> [EXERCISE REQUIREMENTS] Beginning with the very first line, please reproduce the entries exactly through the line containing "Archived webcam image".
[INPUT DATA Boundary: Start]
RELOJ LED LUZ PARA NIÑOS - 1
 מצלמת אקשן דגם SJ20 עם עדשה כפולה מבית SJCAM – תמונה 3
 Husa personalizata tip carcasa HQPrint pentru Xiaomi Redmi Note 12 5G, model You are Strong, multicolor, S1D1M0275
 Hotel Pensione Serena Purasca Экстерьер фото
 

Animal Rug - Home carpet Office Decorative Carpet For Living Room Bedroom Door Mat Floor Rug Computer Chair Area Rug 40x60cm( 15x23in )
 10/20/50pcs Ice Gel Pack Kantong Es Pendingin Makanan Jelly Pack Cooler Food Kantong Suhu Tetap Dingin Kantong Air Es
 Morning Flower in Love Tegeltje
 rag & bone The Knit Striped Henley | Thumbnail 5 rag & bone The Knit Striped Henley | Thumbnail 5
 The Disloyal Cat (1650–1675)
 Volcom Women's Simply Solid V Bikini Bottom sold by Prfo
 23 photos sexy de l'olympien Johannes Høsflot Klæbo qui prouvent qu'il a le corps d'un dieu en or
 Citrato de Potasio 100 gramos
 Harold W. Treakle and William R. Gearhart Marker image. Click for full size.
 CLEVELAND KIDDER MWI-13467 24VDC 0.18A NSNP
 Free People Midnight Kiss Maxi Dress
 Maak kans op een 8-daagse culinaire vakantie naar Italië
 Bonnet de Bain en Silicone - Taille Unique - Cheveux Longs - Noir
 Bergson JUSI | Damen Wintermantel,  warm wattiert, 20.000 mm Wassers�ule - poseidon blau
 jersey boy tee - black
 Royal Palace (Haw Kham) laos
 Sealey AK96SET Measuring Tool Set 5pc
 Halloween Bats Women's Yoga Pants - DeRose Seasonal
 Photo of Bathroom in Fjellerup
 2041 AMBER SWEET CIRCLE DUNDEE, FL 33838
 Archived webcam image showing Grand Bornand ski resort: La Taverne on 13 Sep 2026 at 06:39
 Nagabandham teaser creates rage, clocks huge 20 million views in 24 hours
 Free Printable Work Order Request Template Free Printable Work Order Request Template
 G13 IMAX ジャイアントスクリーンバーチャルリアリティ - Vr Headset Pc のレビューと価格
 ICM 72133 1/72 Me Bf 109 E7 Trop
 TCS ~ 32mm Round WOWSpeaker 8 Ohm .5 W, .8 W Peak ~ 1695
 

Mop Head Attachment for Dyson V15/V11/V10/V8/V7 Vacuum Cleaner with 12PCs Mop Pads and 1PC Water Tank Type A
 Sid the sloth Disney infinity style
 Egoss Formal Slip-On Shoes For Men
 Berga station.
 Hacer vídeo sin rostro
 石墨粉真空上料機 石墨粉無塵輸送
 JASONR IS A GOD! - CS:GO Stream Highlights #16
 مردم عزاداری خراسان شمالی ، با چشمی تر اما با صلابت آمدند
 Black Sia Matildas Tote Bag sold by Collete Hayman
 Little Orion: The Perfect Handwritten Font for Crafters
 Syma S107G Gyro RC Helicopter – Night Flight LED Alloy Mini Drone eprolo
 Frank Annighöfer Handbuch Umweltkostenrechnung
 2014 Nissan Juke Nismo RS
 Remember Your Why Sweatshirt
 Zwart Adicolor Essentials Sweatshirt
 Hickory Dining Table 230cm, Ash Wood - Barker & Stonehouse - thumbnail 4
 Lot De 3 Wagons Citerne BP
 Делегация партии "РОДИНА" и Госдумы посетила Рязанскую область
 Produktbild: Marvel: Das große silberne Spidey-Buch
[INPUT DATA Boundary: End]
> [THE ANSWER]
RELOJ LED LUZ PARA NIÑOS - 1
 מצלמת אקשן דגם SJ20 עם עדשה כפולה מבית SJCAM – תמונה 3
 Husa personalizata tip carcasa HQPrint pentru Xiaomi Redmi Note 12 5G, model You are Strong, multicolor, S1D1M0275
 Hotel Pensione Serena Purasca Экстерьер фото
 

Animal Rug - Home carpet Office Decorative Carpet For Living Room Bedroom Door Mat Floor Rug Computer Chair Area Rug 40x60cm( 15x23in )
 10/20/50pcs Ice Gel Pack Kantong Es Pendingin Makanan Jelly Pack Cooler Food Kantong Suhu Tetap Dingin Kantong Air Es
 Morning Flower in Love Tegeltje
 rag & bone The Knit Striped Henley | Thumbnail 5 rag & bone The Knit Striped Henley | Thumbnail 5
 The Disloyal Cat (1650–1675)
 Volcom Women's Simply Solid V Bikini Bottom sold by Prfo
 23 photos sexy de l'olympien Johannes Høsflot Klæbo qui prouvent qu'il a le corps d'un dieu en or
 Citrato de Potasio 100 gramos
 Harold W. Treakle and William R. Gearhart Marker image. Click for full size.
 CLEVELAND KIDDER MWI-13467 24VDC 0.18A NSNP
 Free People Midnight Kiss Maxi Dress
 Maak kans op een 8-daagse culinaire vakantie naar Italië
 Bonnet de Bain en Silicone - Taille Unique - Cheveux Longs - Noir
 Bergson JUSI | Damen Wintermantel,  warm wattiert, 20.000 mm Wassers�ule - poseidon blau
 jersey boy tee - black
 Royal Palace (Haw Kham) laos
 Sealey AK96SET Measuring Tool Set 5pc
 Halloween Bats Women's Yoga Pants - DeRose Seasonal
 Photo of Bathroom in Fjellerup
 2041 AMBER SWEET CIRCLE DUNDEE, FL 33838
 Archived webcam image showing Grand Bornand ski resort: La Taverne on 13 Sep 2026 at 06:39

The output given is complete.